From workforce shortages, to maintaining quality and barriers to access, the early childhood education sector (ECEC) faces a range of complex challenges that mean it is unable to meet the needs of many children and families around Australia. 

In response, a new report released this week outlines an approach that could hold the key to ensuring the sustainability and quality of the system that so many Australian families and children rely on. 

Released by leading ECEC organisation, The Front Project, the report sets out the case for system stewardship, a concept where a steward or collection of stewards, are involved in the constant improvement and advancement of the sector. 

System stewardship is a networked form of governance with a strong focus on collaboration, and the horizontal ties between individuals and agencies. 

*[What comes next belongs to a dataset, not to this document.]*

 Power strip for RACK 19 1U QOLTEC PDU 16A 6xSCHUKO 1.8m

The Front Project CEO, Jane Hunt, said the concept could be an opportunity for Australia’s ECEC system which is straining under the weight of workforce shortages and financial pressures.

“ECEC plays a profound role in the learning and development of children in Australia, in alleviating inequality, in supporting workforce participation and in driving economic growth,” Ms Hunt said. 

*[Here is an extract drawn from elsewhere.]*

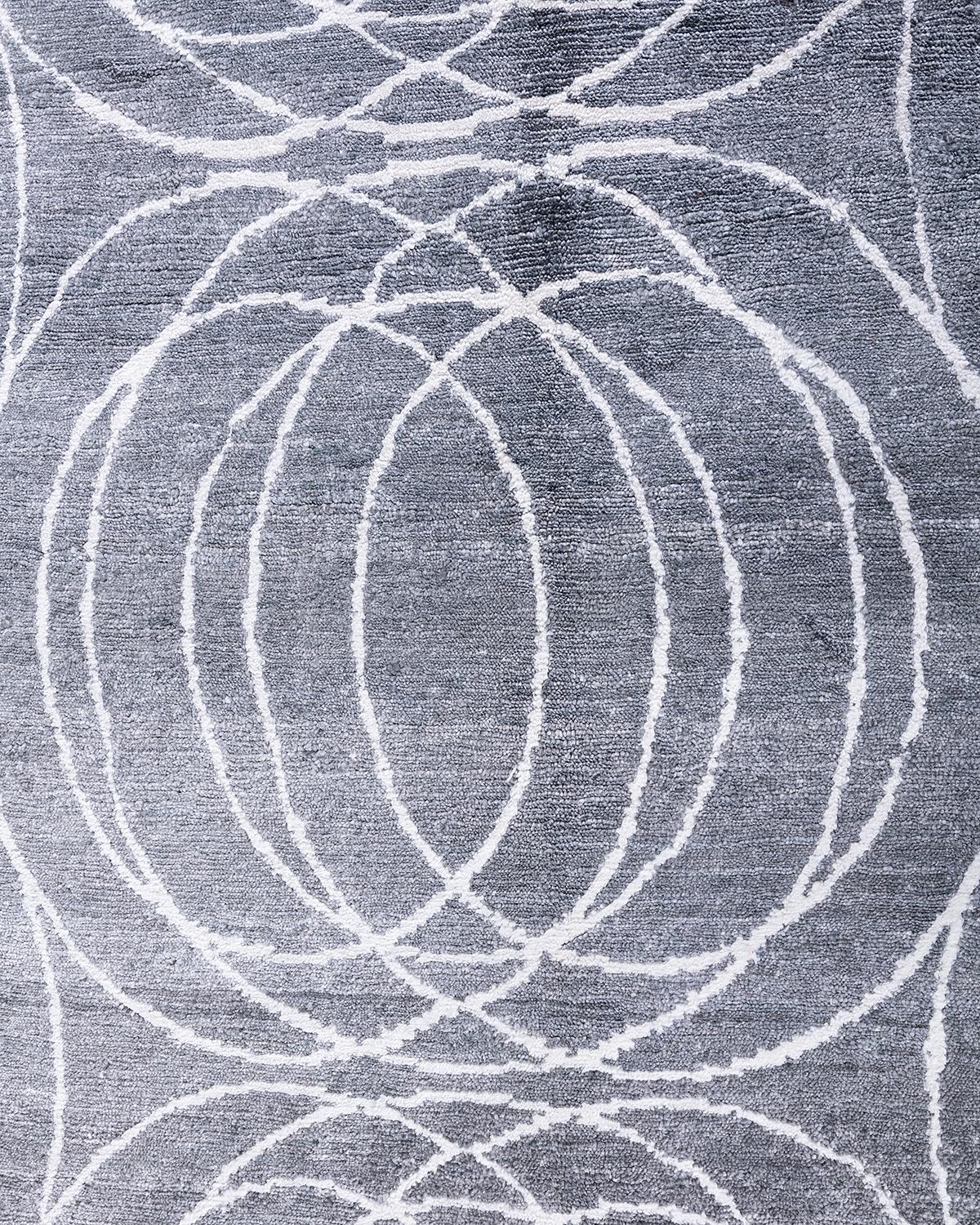Indiano Tappeto moderno e contemporaneo in seta geometrica grigio annodato a mano 8' 0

“It makes significant contributions to workforce participation and social equity and the sector works incredibly hard in often trying conditions.

“But the sector faces systemic challenges as it attempts to meet the growing and changing needs of Australian children and families. 

We can only do this with well-designed funding arrangements that support the sustainability, responsiveness, transparency, quality, efficiency and accountability of the system.

“In turn, an improved model can influence the way funders, service providers and system participants interact with each other for the betterment of services and care.

The report draws on peer-reviewed literature, international and intersectoral case studies, and more than 40 consultations with experts and leaders across systems thinking, public administration and ECEC. 

For system stewardship to be successful in the ECEC system, research from other human services shows that several conditions need to be in place, including: 

  • A clear and unified purpose 
  • Rich and transparent information 
  • Strong governance, and 
  • Agility and adaptability. 

“ECEC is a foundational pillar of society,” Ms Hunt said. 

“To address the needs of all children and families in Australia, this research shows that there is a clear case for system stewardship – and we encourage all governments to strongly consider its merits.”